Integrated Gradients

Description

Integrated Gradients is an attribution technique that explains a model's prediction by quantifying the contribution of each input feature. It works by accumulating gradients along a straight path from a user-defined baseline input (e.g., a black image or an all-zero vector) to the actual input. This path integral ensures that the attributions satisfy fundamental axioms like completeness (attributions sum up to the difference between the prediction and the baseline prediction) and sensitivity (non-zero attributions for features that change the prediction).

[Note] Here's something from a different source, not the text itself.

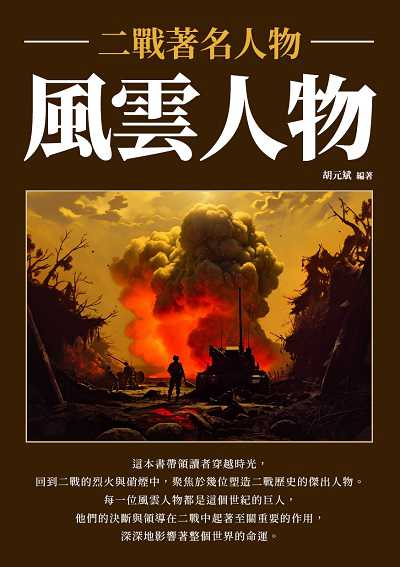 風雲人物:二戰著名人物 出版公司:崧博出版 作者:胡元斌 類型:人文社會-人物傳記 EPUB電子書 繁體中文版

The output is a set of importance scores, often visualised as heatmaps, indicating which parts of the input were most influential for the model's decision.

Example Use Cases

Explainability

Analysing a medical image classification model to understand which specific pixels or regions in an X-ray image contribute most to a diagnosis of pneumonia, ensuring the model focuses on relevant pathological features rather than artifacts.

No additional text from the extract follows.